Activity -
The records are to be copied from the line that contains "Чехол BoxFace Samsung" through their last line, word for word, with every picture left out.

Data records -
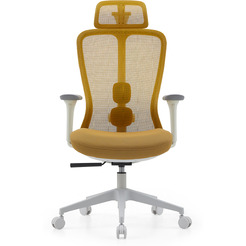 Офисное поворотное кресло SPARX FX-28-2 Fansil (White / Yellow)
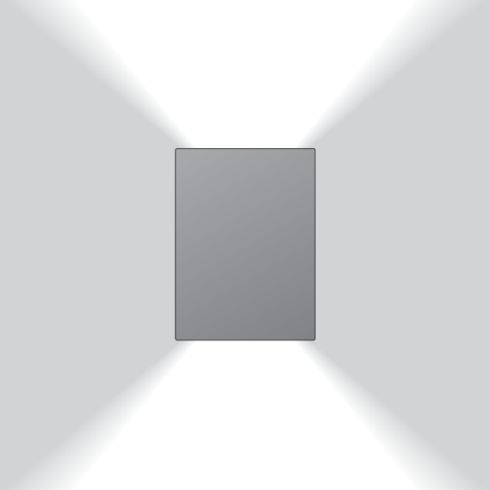 24087K3 - 2 x 90° Wandleuchte, grafit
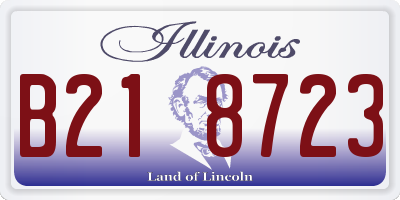 IL license plate B218723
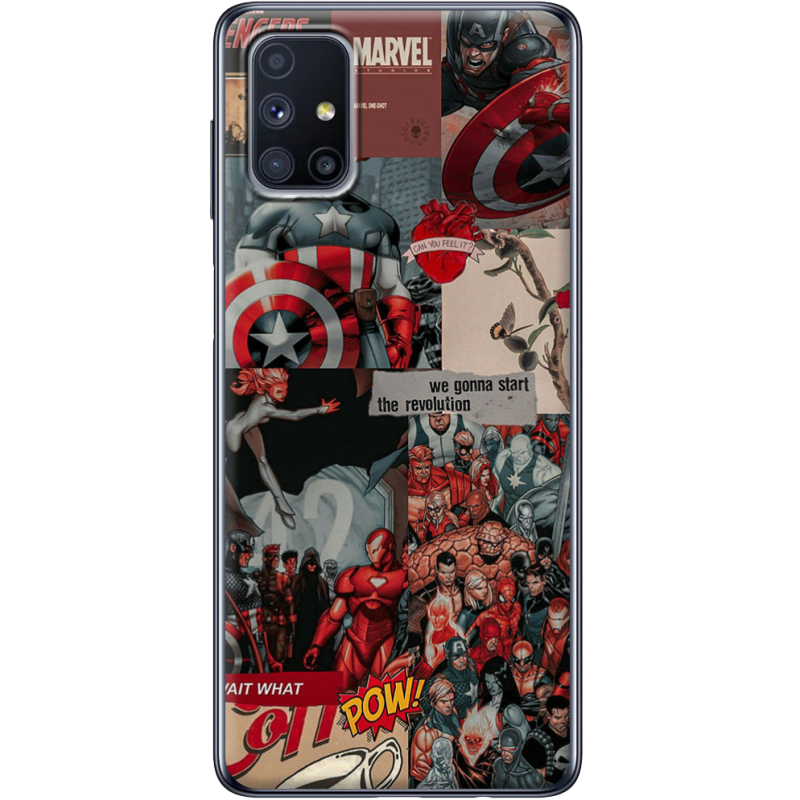 Чехол BoxFace Samsung M515 Galaxy M51 Marvel Avengers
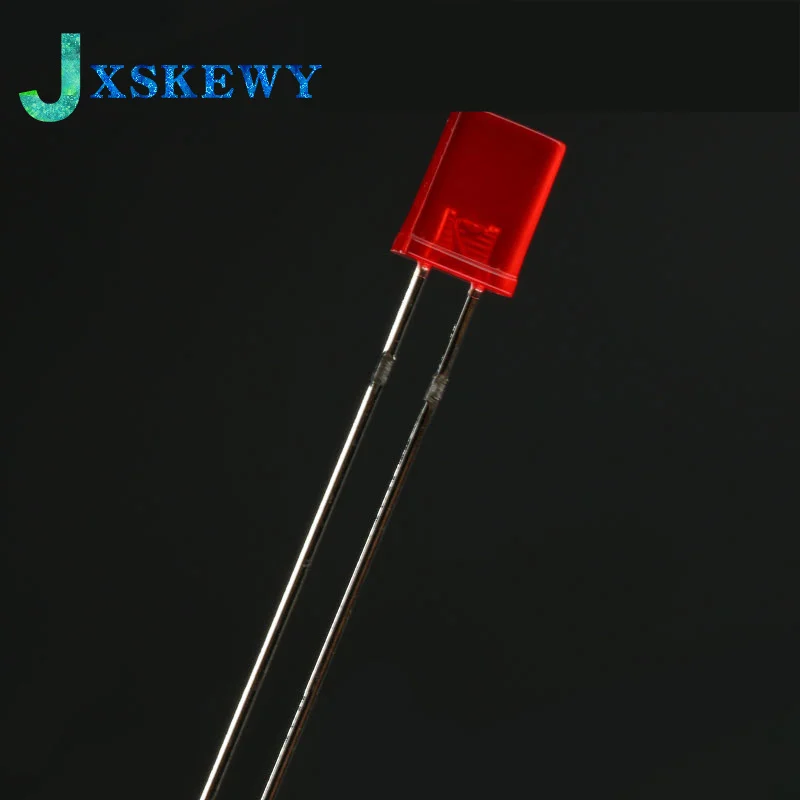 100 pz 2x5x7 lampada a diodi a emissione LED rettangolare bianco rosso verde blu giallo arancione colore diffuso quadrato indicatore fai da te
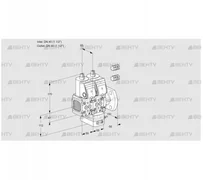 VCG2E40F/40F05FNGEWR3/PPPP/PPPP (88101250) Клапан с регулятором соотношения Kromschroder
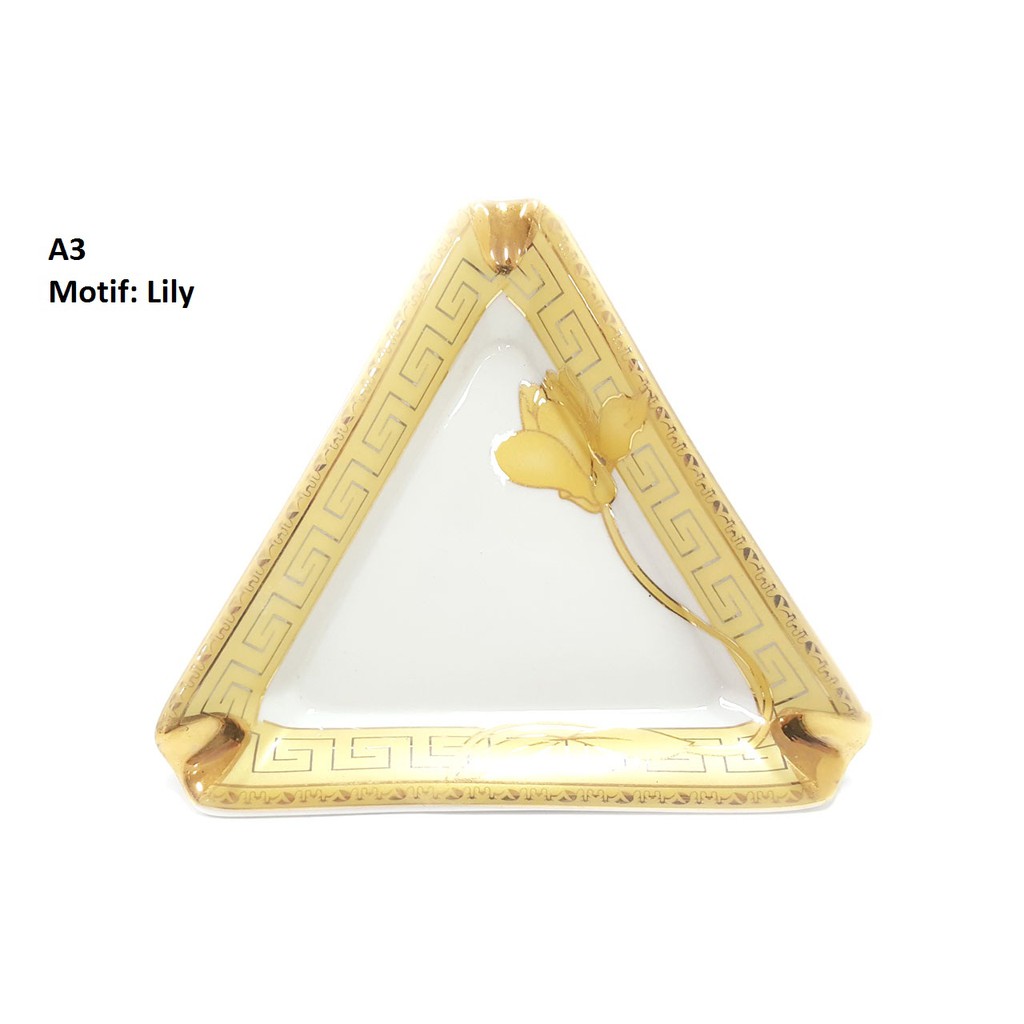 Asbak Keren A1 Vicenza Motif CAMELIA Desain Tampak MEWAH Dan ELEGAN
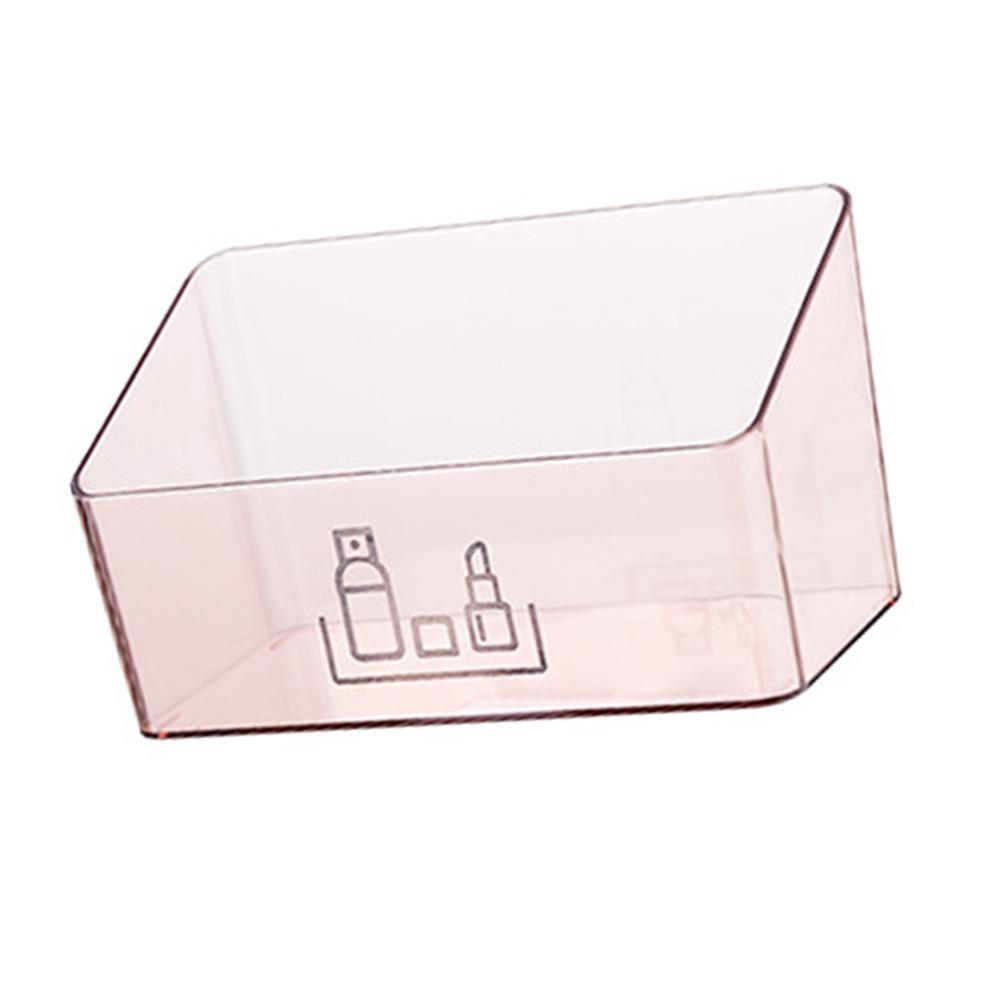 Rectangular Mirror Cabinet PS Cosmetic Makeup Organizer Jewelry Organizer Desk Storage Box Desktop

Result -
 Чехол BoxFace Samsung M515 Galaxy M51 Marvel Avengers
 100 pz 2x5x7 lampada a diodi a emissione LED rettangolare bianco rosso verde blu giallo arancione colore diffuso quadrato indicatore fai da te
 VCG2E40F/40F05FNGEWR3/PPPP/PPPP (88101250) Клапан с регулятором соотношения Kromschroder
 Asbak Keren A1 Vicenza Motif CAMELIA Desain Tampak MEWAH Dan ELEGAN
 Rectangular Mirror Cabinet PS Cosmetic Makeup Organizer Jewelry Organizer Desk Storage Box Desktop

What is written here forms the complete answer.